Honestly, I can’t say I was thrilled to be back in the city. Certainly I was anxious to clean myself up, put my clothes from the weekend in the laundry, unpack, and generally settle back into a place that is, at least temporarily, my home away from home. But still, I wasn’t thrilled. I feel like Kampala and Murchison Falls are about as diametrically opposed as two places in the same country possibly can be. Polar opposites.
I realize I’ve skipped over most of the drive back, but there isn’t much to tell. We stopped for lunch on the way, and arrived back at the hostel at exactly 5 o’clock. From there Toby and I split a cab into the city. He was going a bit further than me, so I just got the driver to let me out close to my place and took a short Uber from there. And then I was home. I ordered food, because the thought of eating my own cooking was just one sad thing too many for one day.
This weekend was even better than I thought it would be. I still can’t believe how many animals we saw. From what I’ve heard, we were immensely fortunate. Countless elephants and giraffes, and multiple lions on three different occasions! Amazing. The only thing we didn’t see, which was disappointing, if not unexpected, were the leopards. But with everything else, I can forget about that. It really was an incredible experience.
Today is Monday, and it was back to the routine.
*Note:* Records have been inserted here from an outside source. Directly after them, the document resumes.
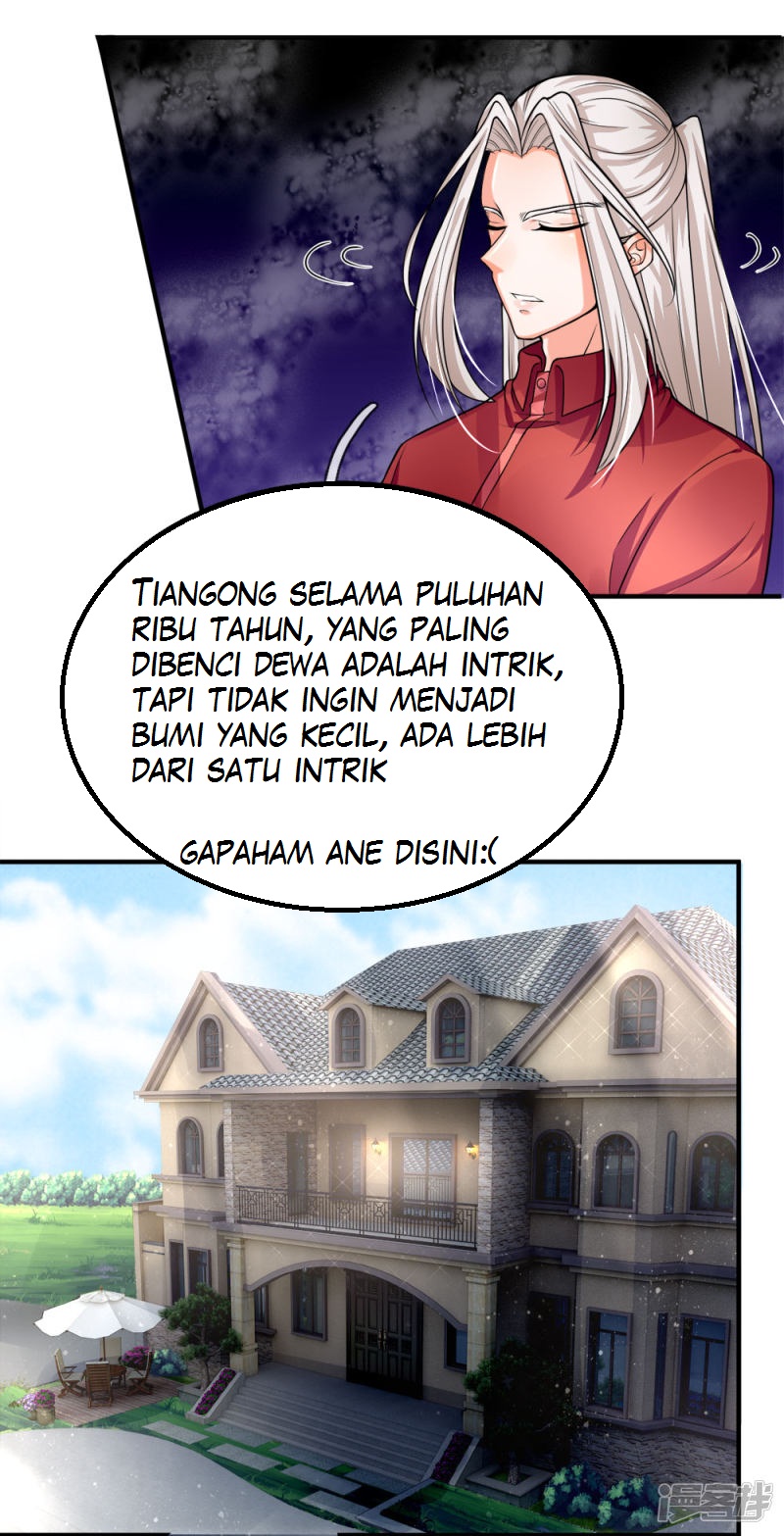 Immortal Daddy Xianzun Chapter 38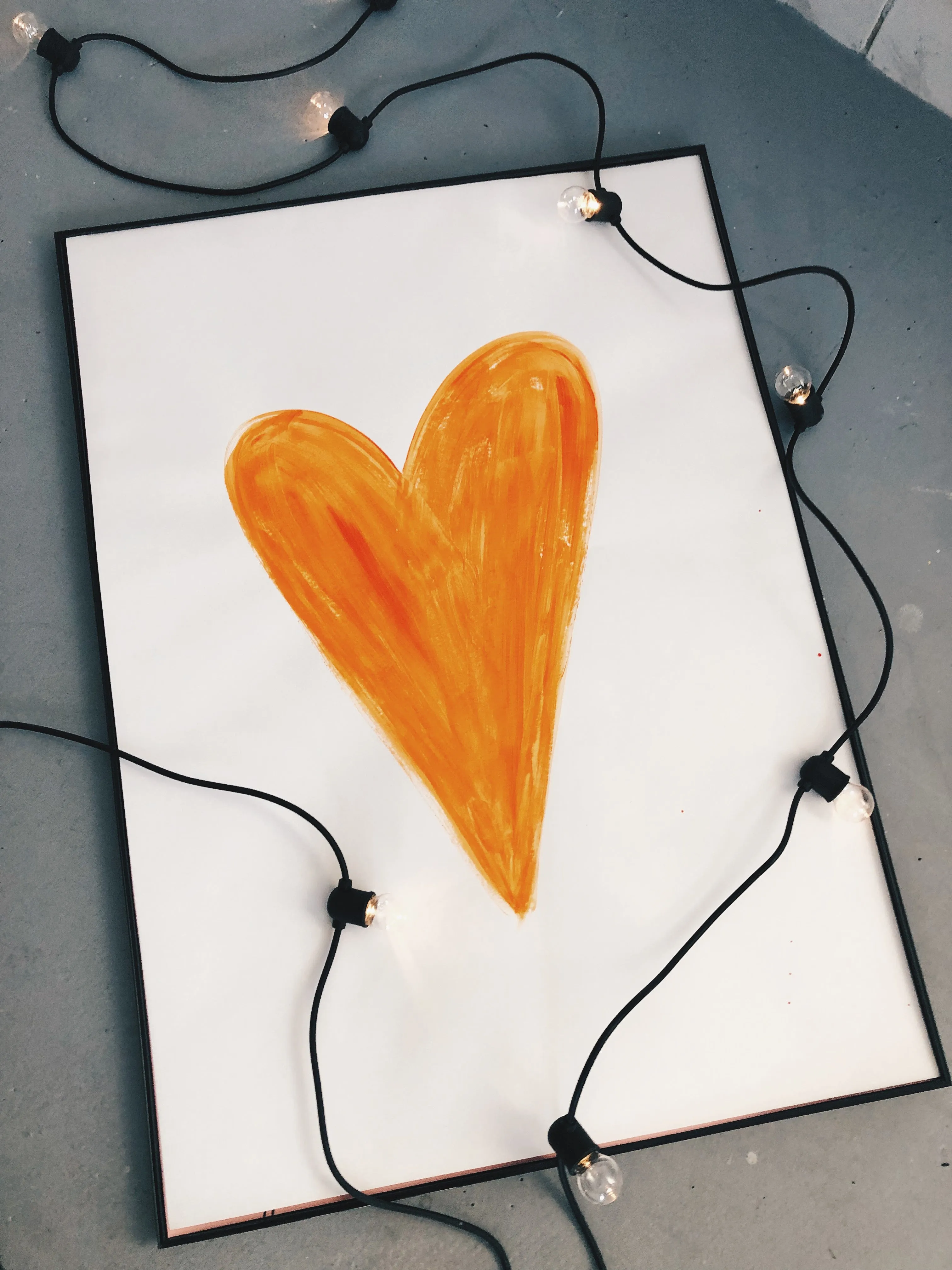Skinny heart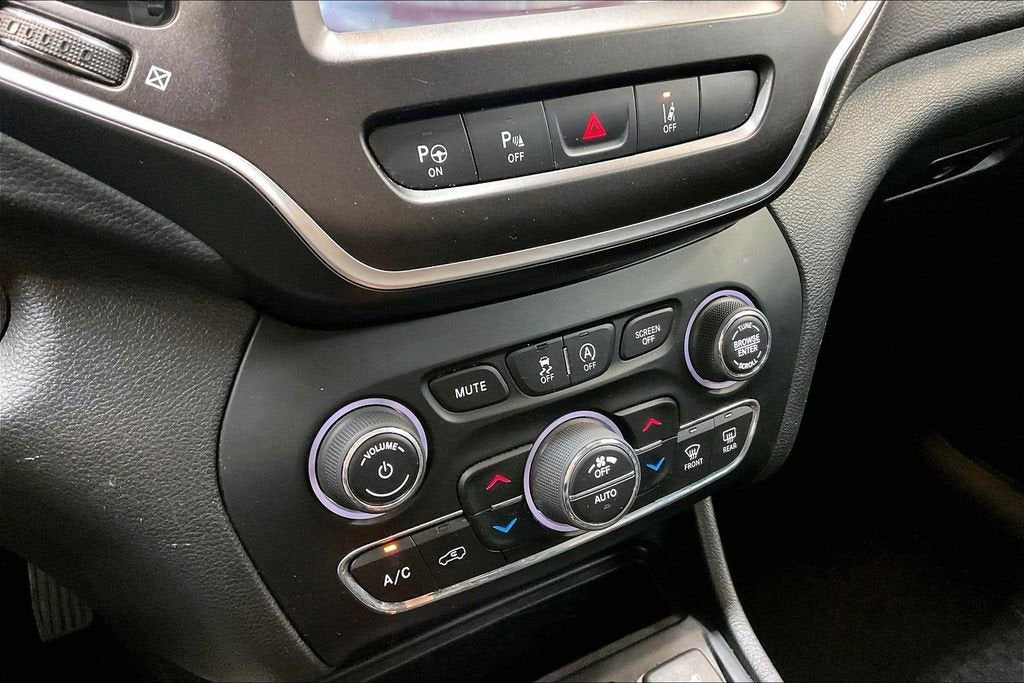 2019 Jeep Cherokee Trailhawk Elite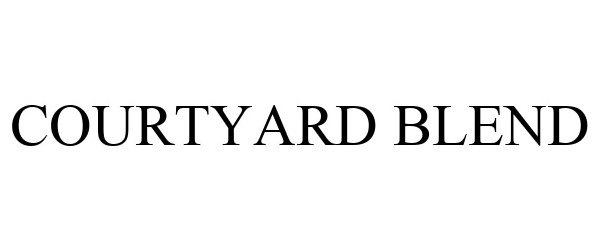  COURTYARD BLEND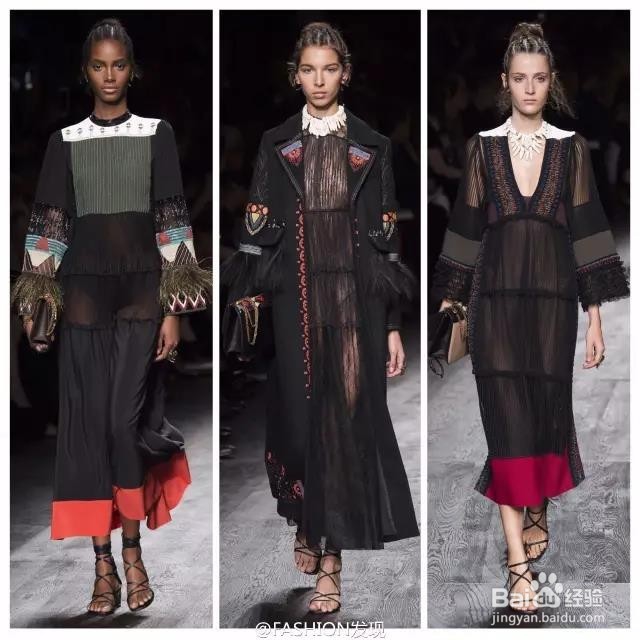 服装设计 打造丰富质感的服装拼接工艺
Work itself was quite boring, not to mention arthritically damaging on account of transcriptions, but there was an exciting development—I finally received the package that my mum had sent from Canada weeks ago! It’s a long story, but let’s just say it was relatively easy to get it to Uganda, but immensely difficult to get it from customs and into my possession. Anyway, it’s here, and it’s filled with wonderful things, mostly of the edible variety. So thank you!
And now for that important message I mentioned at the start. Last Wednesday, my sister sent me a link to a video file, but due to a whole bunch of circumstances I couldn’t download it or watch it until Thursday evening, and then I was doing the mad dash getting ready and leaving for the weekend. So I would have liked to say something about this on Thursday, but this is the first chance I’ve had. For anyone who wasn’t involved, the video is a collection of messages recorded by people at home and put together by my sister, and it’s something she’s been working on since very early on in my trip. Let me just say that this video really meant the world to me. It came at a perfect time, too, given how stressed I was on Thursday evening before I watched it—instantly made me feel better.
I wish I could thank everyone involved individually, but there were so many messages from so many people that it would take me right through to August. So I just wanted to let everyone know that I really, really appreciate your messages, and I couldn’t have been happier to receive them. Truly, thank you. And thank you also for all of the laughs! Some of the messages had me crying with laughter. A special thank you to my cousin Sara, for helping to collect the clips, and to my dad, for helping with the video. And of course, an extra special thank you to Alyssa, for putting this together and for all the time and effort over the last few weeks.
I can’t wait to see everyone again when I get back! As of tomorrow, it’s four weeks—crazy. But for now, I think I’ve rambled on long enough for one post. I hope you've enjoyed it! I’m looking forward to sharing some of the real photos from the weekend. Hopefully that will be soon.
Thank you again to everyone, and of course, thanks for reading.